▸ **WHAT TO DO**
Copy exactly the line containing "Great Grandson Birthday" and all the lines that follow it to the end of the records, minus the pictures.

(Captioned web images)
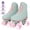 Green & Pink, variant on SLLINGLUO Roller Skates for Girls, High-Top Roller Skates Double Row Leather Shiny Quad Skates, Purple & Green, Youth 3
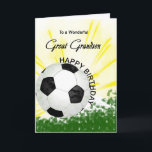 Great Grandson Birthday Soccer Card Karte<br><div class="desc">Geben Sie Ihrem Fußball liebenden Urenkel eine Fußballkarte mit einem explosiven Fußball-Thema! Ein Fußball mit den Worten "Für einen wunderbaren Urenkel".</div>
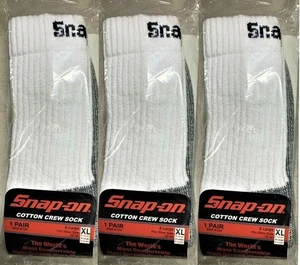 3 PAAR SNAP-ON Crew-Socken für Herren WEISS X-LARGE KOSTENLOSER VERSAND HERGESTELLT IN DEN USA NEU - Bild 1 von 3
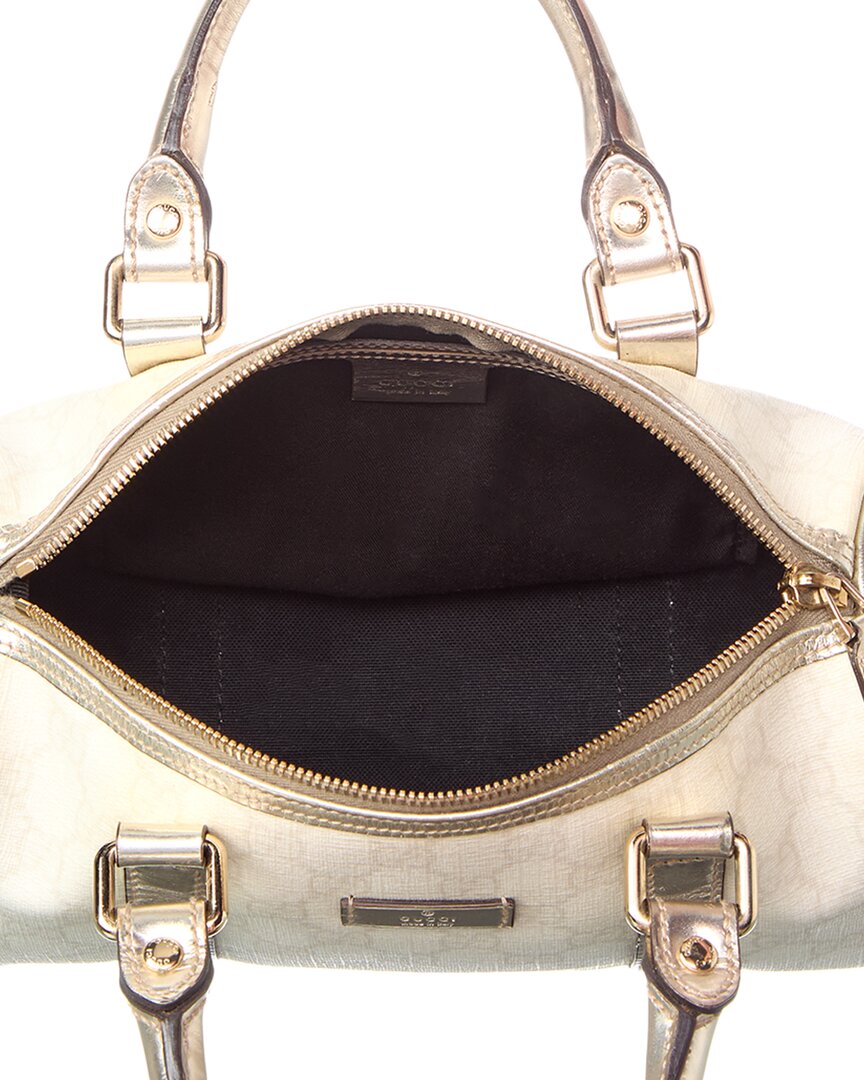 Gucci Silver Monogram Canvas Gg Tote (Authentic  )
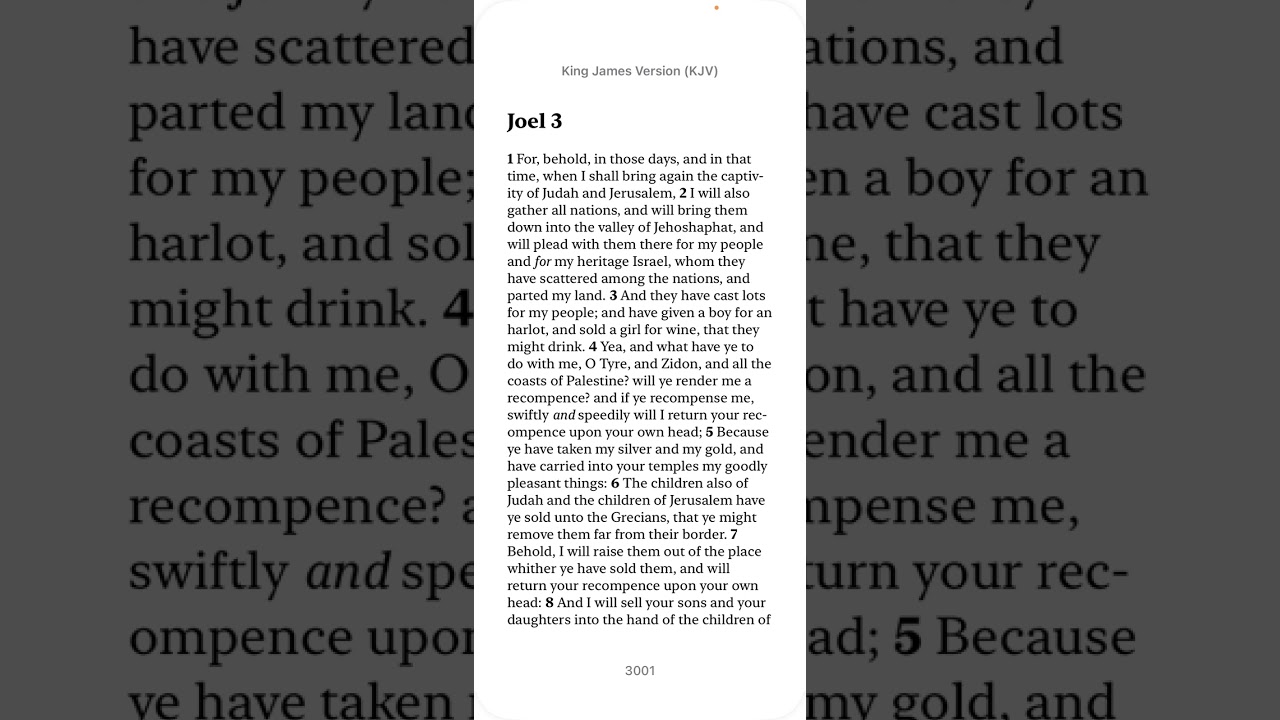 Bible Joel 3 (KJV) | Judgment of the Nations and the Lord’s Kingdom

▸ **ANSWER TO THIS PROBLEM**
 Great Grandson Birthday Soccer Card Karte<br><div class="desc">Geben Sie Ihrem Fußball liebenden Urenkel eine Fußballkarte mit einem explosiven Fußball-Thema! Ein Fußball mit den Worten "Für einen wunderbaren Urenkel".</div>
 3 PAAR SNAP-ON Crew-Socken für Herren WEISS X-LARGE KOSTENLOSER VERSAND HERGESTELLT IN DEN USA NEU - Bild 1 von 3
 Gucci Silver Monogram Canvas Gg Tote (Authentic  )
 Bible Joel 3 (KJV) | Judgment of the Nations and the Lord’s Kingdom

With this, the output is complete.